▶ [What you will do]:
Print exactly the lines below between the line containing "a bedroom with" and the line containing "full bathroom with", counting both of those lines. Leave pictures out.

▶ [Supplied records]:
- - - -

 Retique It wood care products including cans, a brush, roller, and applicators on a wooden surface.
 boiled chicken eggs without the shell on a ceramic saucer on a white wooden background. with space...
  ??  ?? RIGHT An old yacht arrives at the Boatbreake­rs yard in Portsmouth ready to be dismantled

- - - -

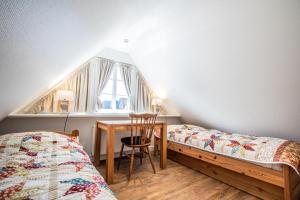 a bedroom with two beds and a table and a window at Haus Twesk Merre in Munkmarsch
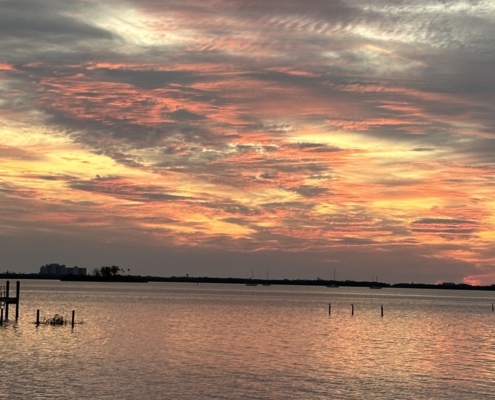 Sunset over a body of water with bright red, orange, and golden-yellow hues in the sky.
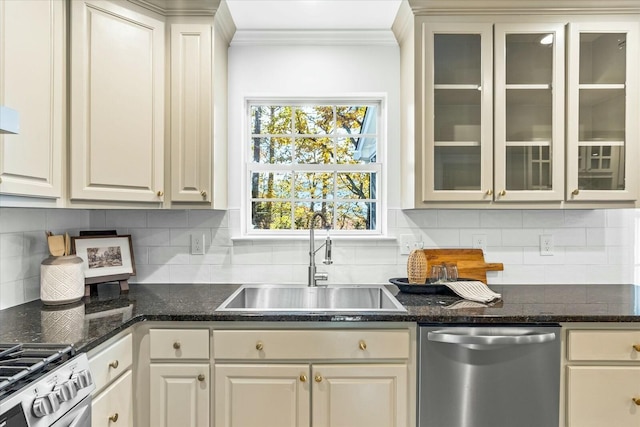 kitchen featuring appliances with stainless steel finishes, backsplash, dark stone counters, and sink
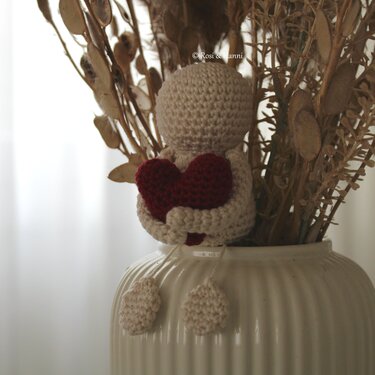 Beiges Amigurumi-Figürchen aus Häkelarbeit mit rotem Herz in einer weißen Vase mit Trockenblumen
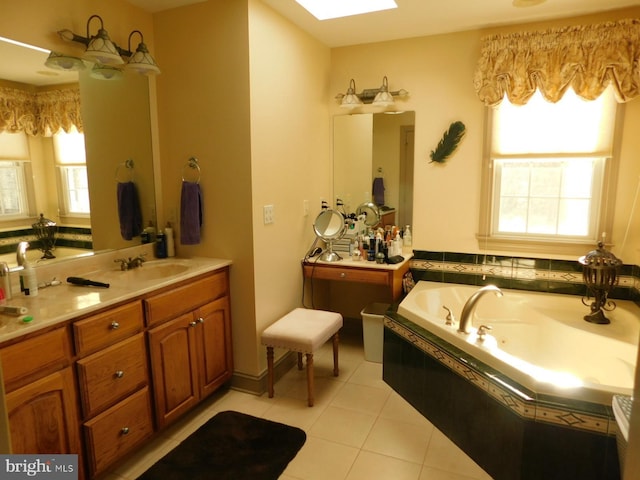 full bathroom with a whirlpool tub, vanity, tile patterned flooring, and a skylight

- - - -

▶ [Solution]:
 a bedroom with two beds and a table and a window at Haus Twesk Merre in Munkmarsch
 Sunset over a body of water with bright red, orange, and golden-yellow hues in the sky.
 kitchen featuring appliances with stainless steel finishes, backsplash, dark stone counters, and sink
 Beiges Amigurumi-Figürchen aus Häkelarbeit mit rotem Herz in einer weißen Vase mit Trockenblumen
 full bathroom with a whirlpool tub, vanity, tile patterned flooring, and a skylight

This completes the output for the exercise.